N.C. Gen. Stat. § 50-13.6 (2017).
Pursuant to our Rules of Appellate Procedure, "[i]ssues not presented in a party’s brief, or in support of which no reason or argument is stated, will be taken as abandoned." N.C. R. App. P. 28(b)(6) (2019).
Secondly, defendant argues that the trial court did not properly calculate the child support obligations of the respective parties. Defendant contends that in calculating child support, the court used inaccurate gross income figures for both plaintiff and defendant and failed to consider the health insurance premiums defendant was already paying.
[Child support] [p]ayments ordered for the support of a minor child shall be in such amount as to meet the reasonable needs of the child for health, education, and maintenance, having due regard to the estates, earnings, conditions, accustomed standard of living of the child and the parties, the child care and homemaker contributions of each party, and other facts of the particular case.
N.C. Gen. Stat. § 50-13.4(c) (2017). "Child support orders entered by a trial court are accorded substantial deference by appellate courts and our review is limited to a determination of whether there was a clear abuse of discretion." Biggs v. Greer , 136 N.C. App. 294, 296, 524 S.E.2d 577, 581 (2000) (citation omitted). "The trial court must, however, make sufficient findings of fact and conclusions of law to allow the reviewing court to determine whether a judgment, and the legal conclusions that underlie it, represent a correct application of the law." Beamer v. Beamer , 169 N.C. App. 594, 597, 610 S.E.2d 220, 223 (2005) (citation omitted).
Defendant argues that in calculating each parties’ child support obligation, the trial court attributed inaccurate gross income amounts to each party. Plaintiff gave the following testimony on direct examination:
Q Now, is -- is number -- Exhibit Number 17, is that your W-2 form for 2017?
A This is -- it is, yes, sir.
Q And your gross income in 2017 was $103,214?
A That’s correct. That was the gross.
However, in its 23 April 2018 order, the trial court found that plaintiff’s gross annual income was $93,486.74. Further, in calculating the parties’ respective child support obligations, the child support obligation worksheet attached to the trial court order sets plaintiff’s monthly gross income amount as $7,790.56 ($7,790.56 multiplied by 12 equals $93,486.72).
While the amount of $7,790.00 as plaintiff’s gross monthly income was included in a proposed child support obligation worksheet submitted as an exhibit to the court during plaintiff’s testimony, the exhibit reflects an income amount inconsistent with plaintiff’s testimony describing his gross annual income as reflected on his 2017 W-2 statement.
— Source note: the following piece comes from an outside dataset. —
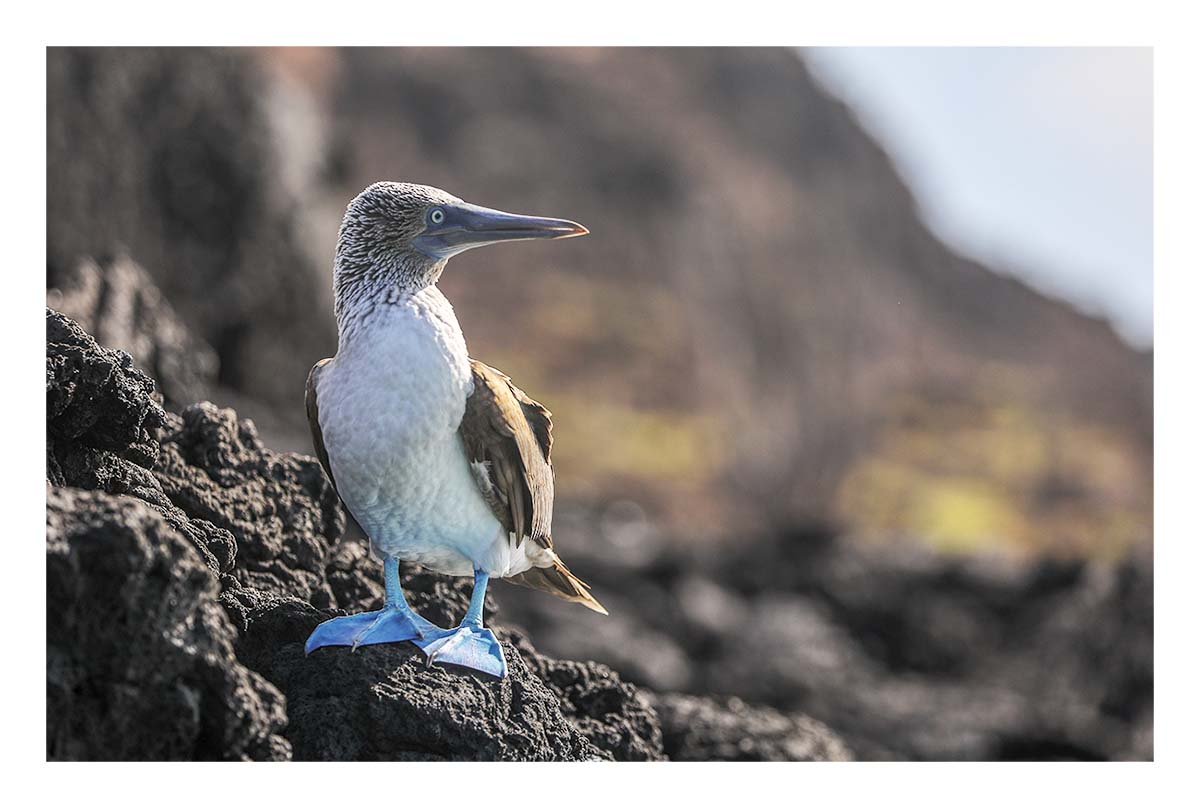 Galapagos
Beyond the proposed child support obligation worksheet exhibit itself, we find no support for the trial court’s finding of $93,486.74 as plaintiff’s gross annual income ($7,790.56 per month). Thus, it appears that the trial court’s child support calculation predicated on $7,790.00 as plaintiff’s monthly gross income amount is premised on a conflicted, if not unsupported, finding that plaintiff’s gross annual income was $93,486.74. Accordingly, we reverse the trial court’s 23 April 2018 order and remand the matter for recalculation of the parties’ respective child support obligations.
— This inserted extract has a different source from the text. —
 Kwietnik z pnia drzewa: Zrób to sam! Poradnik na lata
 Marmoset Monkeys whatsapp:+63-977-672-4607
Defendant further argues that the trial court erred in calculating the child support obligation by attributing to her income earned in 2017 when the order entered did not consider the income of the parties in 2018, the year the order was entered.
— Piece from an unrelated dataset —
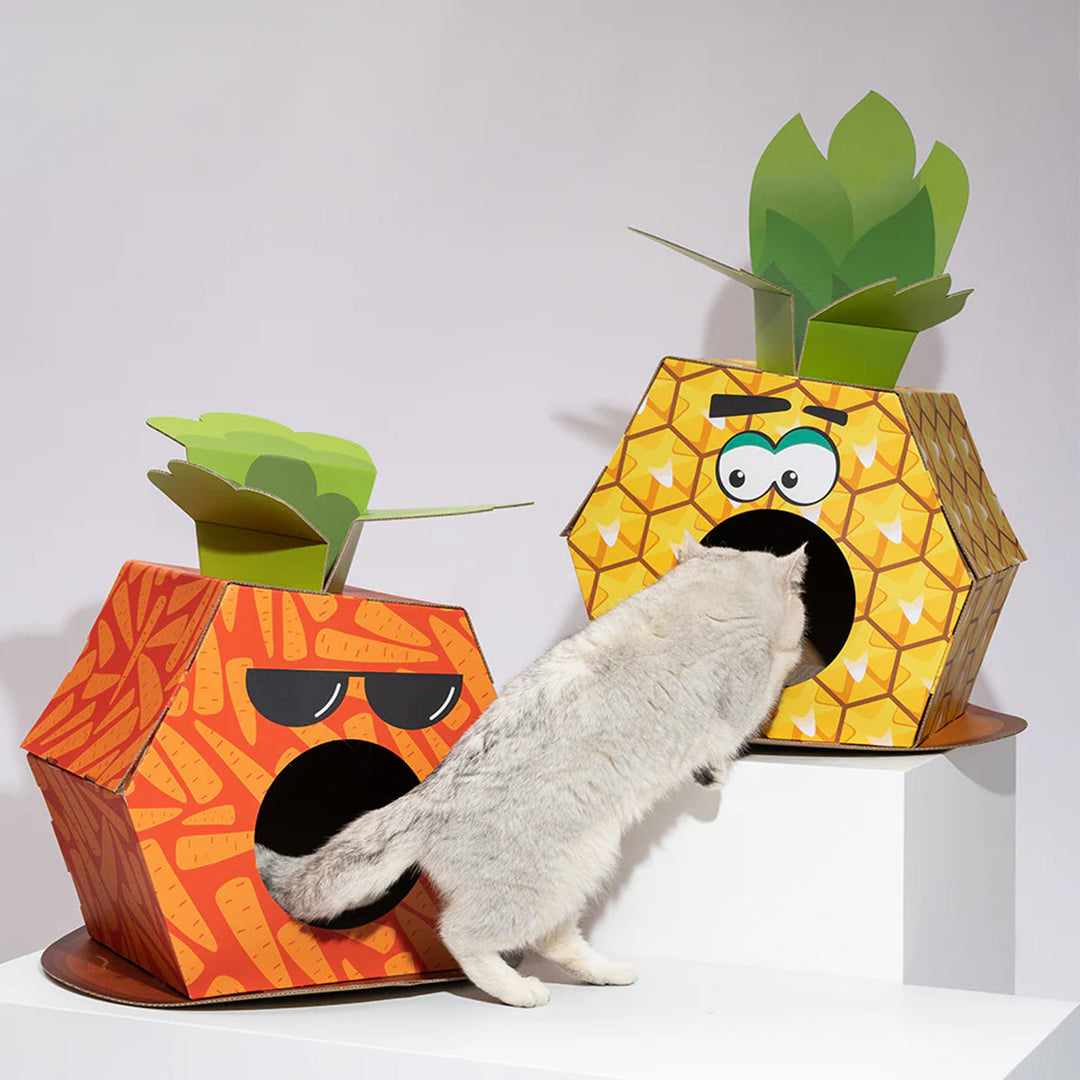 FOFOS Cardboard Cat House With Scratching Pad - Carrot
It is well established that child support obligations are ordinarily determined by a party’s actual income at the time the order is made or modified. Although this means the trial court must focus on the parties’ current income, past income often is relevant in determining current income. ...
....
What matters in these circumstances is the reason why the trial court examines past income; the court’s findings must show that the court used this evidence to accurately assess current monthly gross income.
Kaiser v. Kaiser , ––– N.C. App. ––––, ––––, 816 S.E.2d 223, 228 (2018) (citations omitted).
Here, the record reflects that plaintiff testified to defendant’s annual salary during the course of their marriage. Plaintiff testified that in 2015 or 2016, defendant earned $68,000.00 a year but defendant had more recently informed plaintiff that she worked three jobs and made $20,000.00 less than in previous years. On direct examination, defendant presented several 2017 W-2 statements to reflect her income. The trial court admitted into evidence the W-2 statements reflecting income from employers with whom defendant testified that she was still employed. In aggregate, defendant’s 2017 W-2 statements reflected income of $45,115.29. The trial court found that defendant’s gross annual income was $45,114.00. We do not see and defendant does not state that the record provides evidence of defendant’s gross income during the first two months of 2018 (the child support hearing was held 12–13 March 2018).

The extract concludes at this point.